Record Collector
Issue 294 - Februaray 2004
£3.30 (original UK) - 7.30€ (importado pt)
148 páginas
A Record Collector é a "bíblia" dos coleccionadores de discos. Trata-se de uma excelenete revista, de que deixo aqui um exemplo. Não tenho muitos exemplares, pois como o dinheiro não abunda, as enormes listas de discos de colecção, normalmente a preços exorbitantes, deixavam-me um bocadinho frustrado, lol.
Neste caso comprei-a por dois motivos: para a conhecer mais em pormenor e porque tinha um artigo referente aos Nurse With Wound, que aqui deixo.
Evolução Industrial
Ian Shirley explora o estranho mundo dos titãs da experimentação industrial, Nurse With Wound
Foi a improvável figura do cómico e actor John Cleese que deu o pontapé de saída na carreira dos Nurse With Wound. Em 1978 o homem dos Monty Python andava a passear por um estúdio de gravação no Soho, onde Steve Stapleton se encontrava a a fazer um projecto de design de uma janela. Toda a gente ficou embasbacada à passagem da celebridade, e Stapleton ficou a falar com o engenheiro Nicky Rogers, que lhe disse que conseguia arranjar tempo de estúdio barato. No fim de semana seguinte aceitou a oferta, juntamente com dois amigos sem nenhuma competência na área da música: "A ideia de podermos entrar num estúdio, fazer barulho, gravá-lo e depois ouvi-lo, foi uma grande alegria para nós". Esta sessão espontânea tornou-se no primeiro álbum dos Nurse With Wound, "Chance Meeting On A Dissecting Table Of A Sewing Machine And An Umbrella". Não foi enviada qualquer cópia a John Cleese quando o álbum foi editado, em 1979.
A partir daquela primeira bolota atonal, os Nurse With Wound cresceram e tornaram-se num frondoso carvalho, com um imenso catálogo de edições e uma enorme base de fãs a nível mundial. Os Nurse não são um grupo na forma tradicional como a conhecemos mas sim um guarda-chuva debaixo do qual Stapleton se abriga, quer a solo ou com outros colaboradores musiciais. Os Nurse funcionam foram da indústria da música - sob o rada cultural - e encontram-se numa sombra que é comummente percepcionada como 'Industrial' ou auto-indulgência atonal. Isso é, contudo, um rótulo injusto e limitador pois, ao longo de duas décadas, Stapleton gravou todo um corpo de trabalho que vai desde paisagens sonoras ambientais obrigatórias, colagens sonoras, krautrock, easy listening e twisted mambo. Soando como os primos desconhecidos de Aphex Twin, os Nurse não obtiveram reconhecimento do mainstream mas preencheram e expandiram totalmente o seu potencial.

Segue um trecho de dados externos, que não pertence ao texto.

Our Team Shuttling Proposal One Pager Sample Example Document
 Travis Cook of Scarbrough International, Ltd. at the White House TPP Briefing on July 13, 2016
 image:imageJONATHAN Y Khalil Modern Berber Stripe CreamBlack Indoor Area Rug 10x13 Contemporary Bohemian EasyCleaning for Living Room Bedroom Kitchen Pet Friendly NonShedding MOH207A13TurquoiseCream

Em 1979, contudo, Chance Meeting sugere que Stapleton (instrumentos vários / efitos) John Fothergill (não-guitarra) e Heman Pathak (não-teclados) não tinham potencial algum que lhes permitisse encarar uma carreira musical. Com a música auto-financiada e editada na sua própria editora, a United Dairies, a mairia dos compradores foi atraída pelo notável fetiche da arte da capa e repelida pela música. Chance Meeting foi recenseado pelo semanário musical Sounds que, perplexo pelo conteúdo (não) musical, lhe atribuiu, como clasificação, cinco intrigantes pontos de interrogação em vez de estrelas.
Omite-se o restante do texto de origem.